START Available data
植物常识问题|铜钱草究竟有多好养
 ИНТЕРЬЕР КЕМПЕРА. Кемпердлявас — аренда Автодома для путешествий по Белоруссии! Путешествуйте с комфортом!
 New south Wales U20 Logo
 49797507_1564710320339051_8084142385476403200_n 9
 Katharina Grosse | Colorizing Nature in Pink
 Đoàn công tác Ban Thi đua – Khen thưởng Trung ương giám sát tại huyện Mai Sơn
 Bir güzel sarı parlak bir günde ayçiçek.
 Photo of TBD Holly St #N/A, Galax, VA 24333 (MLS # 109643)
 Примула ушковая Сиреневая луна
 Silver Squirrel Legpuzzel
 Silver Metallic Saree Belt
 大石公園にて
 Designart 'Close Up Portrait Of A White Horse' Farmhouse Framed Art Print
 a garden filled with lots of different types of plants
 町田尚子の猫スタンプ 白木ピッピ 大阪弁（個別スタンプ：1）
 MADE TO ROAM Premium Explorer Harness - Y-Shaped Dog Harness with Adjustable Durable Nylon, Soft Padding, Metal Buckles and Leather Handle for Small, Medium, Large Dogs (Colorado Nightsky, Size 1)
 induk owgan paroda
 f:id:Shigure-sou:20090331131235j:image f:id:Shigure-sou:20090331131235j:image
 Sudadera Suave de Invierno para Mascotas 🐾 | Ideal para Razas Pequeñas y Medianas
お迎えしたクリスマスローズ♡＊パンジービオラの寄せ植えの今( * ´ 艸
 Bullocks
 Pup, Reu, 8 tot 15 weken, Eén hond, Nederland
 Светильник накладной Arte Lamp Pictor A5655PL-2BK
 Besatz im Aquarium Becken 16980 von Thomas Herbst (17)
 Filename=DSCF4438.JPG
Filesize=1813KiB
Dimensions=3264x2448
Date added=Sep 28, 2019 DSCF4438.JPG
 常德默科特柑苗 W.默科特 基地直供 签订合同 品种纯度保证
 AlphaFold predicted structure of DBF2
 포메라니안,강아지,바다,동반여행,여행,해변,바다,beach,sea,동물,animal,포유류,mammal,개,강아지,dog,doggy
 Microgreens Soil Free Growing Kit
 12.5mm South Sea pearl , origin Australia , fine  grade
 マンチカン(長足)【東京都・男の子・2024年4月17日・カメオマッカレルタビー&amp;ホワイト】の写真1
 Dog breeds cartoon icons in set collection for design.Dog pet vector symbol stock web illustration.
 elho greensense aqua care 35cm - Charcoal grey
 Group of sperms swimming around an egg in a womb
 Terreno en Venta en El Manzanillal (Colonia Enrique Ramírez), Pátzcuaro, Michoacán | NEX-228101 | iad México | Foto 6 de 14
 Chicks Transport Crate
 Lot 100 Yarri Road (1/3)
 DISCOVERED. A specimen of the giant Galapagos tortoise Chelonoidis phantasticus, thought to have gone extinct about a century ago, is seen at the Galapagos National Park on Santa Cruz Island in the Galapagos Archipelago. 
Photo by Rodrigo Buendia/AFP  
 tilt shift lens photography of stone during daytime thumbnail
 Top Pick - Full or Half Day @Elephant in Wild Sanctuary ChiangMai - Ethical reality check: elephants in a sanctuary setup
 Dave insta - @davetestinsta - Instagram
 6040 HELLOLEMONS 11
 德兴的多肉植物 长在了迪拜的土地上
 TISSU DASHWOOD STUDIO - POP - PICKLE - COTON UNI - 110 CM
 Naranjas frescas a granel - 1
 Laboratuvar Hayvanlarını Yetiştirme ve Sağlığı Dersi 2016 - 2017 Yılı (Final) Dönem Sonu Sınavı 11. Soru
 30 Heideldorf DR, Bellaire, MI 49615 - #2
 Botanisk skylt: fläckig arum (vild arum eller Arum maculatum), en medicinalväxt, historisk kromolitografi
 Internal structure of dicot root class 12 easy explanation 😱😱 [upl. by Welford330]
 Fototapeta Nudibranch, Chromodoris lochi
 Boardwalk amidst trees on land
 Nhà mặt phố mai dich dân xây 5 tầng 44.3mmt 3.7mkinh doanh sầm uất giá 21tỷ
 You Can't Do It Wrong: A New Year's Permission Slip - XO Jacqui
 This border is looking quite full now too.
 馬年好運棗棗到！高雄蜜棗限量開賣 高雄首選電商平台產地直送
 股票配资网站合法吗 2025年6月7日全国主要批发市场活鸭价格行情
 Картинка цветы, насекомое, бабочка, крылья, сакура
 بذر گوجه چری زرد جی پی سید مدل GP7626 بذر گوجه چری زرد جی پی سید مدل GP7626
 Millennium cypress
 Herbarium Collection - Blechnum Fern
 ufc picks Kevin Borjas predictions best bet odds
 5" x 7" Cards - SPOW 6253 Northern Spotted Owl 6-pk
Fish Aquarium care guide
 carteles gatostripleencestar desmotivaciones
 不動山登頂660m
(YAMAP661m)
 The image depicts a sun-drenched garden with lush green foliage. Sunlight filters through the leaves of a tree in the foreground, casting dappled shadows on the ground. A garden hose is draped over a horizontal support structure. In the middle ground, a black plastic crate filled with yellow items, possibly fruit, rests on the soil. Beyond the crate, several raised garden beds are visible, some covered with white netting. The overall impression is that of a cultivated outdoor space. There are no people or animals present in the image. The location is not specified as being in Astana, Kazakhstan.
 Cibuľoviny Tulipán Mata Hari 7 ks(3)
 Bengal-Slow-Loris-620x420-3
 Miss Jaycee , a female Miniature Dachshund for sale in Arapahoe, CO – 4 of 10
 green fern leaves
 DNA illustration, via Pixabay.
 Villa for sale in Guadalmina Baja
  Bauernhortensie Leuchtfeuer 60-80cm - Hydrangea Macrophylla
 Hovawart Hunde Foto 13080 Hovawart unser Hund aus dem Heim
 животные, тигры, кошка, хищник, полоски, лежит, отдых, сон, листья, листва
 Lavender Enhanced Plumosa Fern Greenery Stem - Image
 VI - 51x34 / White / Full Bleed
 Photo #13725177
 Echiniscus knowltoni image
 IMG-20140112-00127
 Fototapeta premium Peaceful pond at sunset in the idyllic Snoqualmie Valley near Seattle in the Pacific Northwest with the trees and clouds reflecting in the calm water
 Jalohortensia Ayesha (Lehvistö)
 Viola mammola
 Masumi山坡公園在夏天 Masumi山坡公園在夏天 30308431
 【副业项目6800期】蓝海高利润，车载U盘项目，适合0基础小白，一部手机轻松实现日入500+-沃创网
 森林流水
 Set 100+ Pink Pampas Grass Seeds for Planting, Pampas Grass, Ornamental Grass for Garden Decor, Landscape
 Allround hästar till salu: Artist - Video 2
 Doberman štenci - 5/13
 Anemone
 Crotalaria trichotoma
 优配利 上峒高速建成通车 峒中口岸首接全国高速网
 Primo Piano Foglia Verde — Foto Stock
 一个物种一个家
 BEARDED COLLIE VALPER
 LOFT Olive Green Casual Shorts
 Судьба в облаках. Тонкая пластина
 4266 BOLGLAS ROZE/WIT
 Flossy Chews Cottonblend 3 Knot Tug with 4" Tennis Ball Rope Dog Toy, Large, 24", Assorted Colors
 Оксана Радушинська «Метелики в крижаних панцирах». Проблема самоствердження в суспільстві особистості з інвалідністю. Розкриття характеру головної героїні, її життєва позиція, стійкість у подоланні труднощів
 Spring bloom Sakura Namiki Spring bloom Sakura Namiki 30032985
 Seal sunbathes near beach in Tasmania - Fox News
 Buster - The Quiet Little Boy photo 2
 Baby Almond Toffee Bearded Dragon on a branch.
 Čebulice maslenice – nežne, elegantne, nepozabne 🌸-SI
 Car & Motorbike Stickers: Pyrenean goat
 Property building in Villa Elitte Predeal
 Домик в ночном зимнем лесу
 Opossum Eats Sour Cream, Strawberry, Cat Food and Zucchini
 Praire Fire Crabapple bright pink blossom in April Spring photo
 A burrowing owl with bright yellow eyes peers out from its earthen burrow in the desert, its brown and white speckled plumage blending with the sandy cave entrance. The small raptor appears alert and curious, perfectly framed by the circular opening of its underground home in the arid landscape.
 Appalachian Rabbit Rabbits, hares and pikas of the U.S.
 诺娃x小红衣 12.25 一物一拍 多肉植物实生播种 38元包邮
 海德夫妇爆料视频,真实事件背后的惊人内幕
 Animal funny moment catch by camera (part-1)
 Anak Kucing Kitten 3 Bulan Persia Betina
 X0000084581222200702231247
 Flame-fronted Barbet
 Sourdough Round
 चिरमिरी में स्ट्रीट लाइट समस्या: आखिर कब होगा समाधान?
END Available data
__Your task__:
Which lines of the entries contain "beach"? Count them and write only the number.

__Finished task__:
2